Помощник комиссара полиции уже собирал свидетельские показания.
Пиппо и Бальбо медленно и степенно прошли улицей Гарибальди, свернули на одну из улочек Старого города и явились на назначенное для дележа добычи место.
В тот момент, когда погасло электричество, окулировочный нож Маттео Бриганте лежал на столе возле бутылки асти. Когда молочно-голубые фонарики снова вспыхнули и залили резким светом танцевальную площадку, оказалось, что нож исчез.
— Подумаешь, делов, — сказал Бриганте, — железка ценой в восемьсот лир. И говорить о ней не стоит.
Он прикусил тонкую нижнюю губу, и Пиццаччо снова возликовал — гуальони бросили открытый вызов его патрону.
Когда Мариетта начала петь, в доме никто еще не спал, кроме Эльвиры.

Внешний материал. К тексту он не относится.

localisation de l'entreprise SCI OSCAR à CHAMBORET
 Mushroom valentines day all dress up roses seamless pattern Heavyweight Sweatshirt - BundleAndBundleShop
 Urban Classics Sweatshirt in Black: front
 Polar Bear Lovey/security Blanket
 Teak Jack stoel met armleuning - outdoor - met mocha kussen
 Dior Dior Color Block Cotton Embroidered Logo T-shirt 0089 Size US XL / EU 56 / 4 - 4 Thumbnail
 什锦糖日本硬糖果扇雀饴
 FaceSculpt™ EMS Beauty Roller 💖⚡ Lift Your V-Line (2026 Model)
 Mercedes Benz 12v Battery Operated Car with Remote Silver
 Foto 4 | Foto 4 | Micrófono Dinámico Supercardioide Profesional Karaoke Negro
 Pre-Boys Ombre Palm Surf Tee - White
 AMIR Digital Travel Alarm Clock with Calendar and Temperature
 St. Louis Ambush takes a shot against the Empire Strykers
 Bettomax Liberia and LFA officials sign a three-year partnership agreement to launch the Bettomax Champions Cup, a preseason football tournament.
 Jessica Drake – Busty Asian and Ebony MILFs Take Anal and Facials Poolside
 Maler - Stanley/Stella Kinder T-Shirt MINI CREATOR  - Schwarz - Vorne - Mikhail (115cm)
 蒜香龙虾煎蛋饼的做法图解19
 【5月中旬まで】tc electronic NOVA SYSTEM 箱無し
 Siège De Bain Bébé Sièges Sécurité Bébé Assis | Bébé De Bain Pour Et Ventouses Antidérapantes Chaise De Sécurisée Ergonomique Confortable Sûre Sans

Однако дон Чезаре, положивший ладонь на грудь Эльвиры, проснулся не по-настоящему. Год от года его сон, равно как и его бодрствование, все больше «лишался интереса». Уже давно он утратил способность спать крепко, спать глубоким сном, прародителем всех и всяческих метаморфоз, когда сраженный им человек осознает и переваривает все свои дневные неудачи и унижения и претворяет их в материальную основу новой силы, дремлющей подобно личинке во мраке своего кокона, и, просыпаясь в утренних лучах, человек, торжествующий, радостно потягивается всем своим прошедшим через ночную линьку телом. Отныне и сон и пробуждение дона Чезаре стали одинаково унылы. Отныне он был отлучен также и от того сна, который непосредственно примыкает к самому глубокому сну и рождает пророческие и вещие сновидения. Уже давно дон Чезаре видел лишь обрывки мимолетных сновидений, те беглые сны, где беспорядочно перемешаны воспоминания о мелких дневных событиях, почти неотличимые от их восприятия в состоянии бодрствования. В ту самую минуту, когда запела Мариетта, дремота дона Чезаре уже переходила в сновидение, он витал где-то между дремой и сном: так проходили теперь все его ночи.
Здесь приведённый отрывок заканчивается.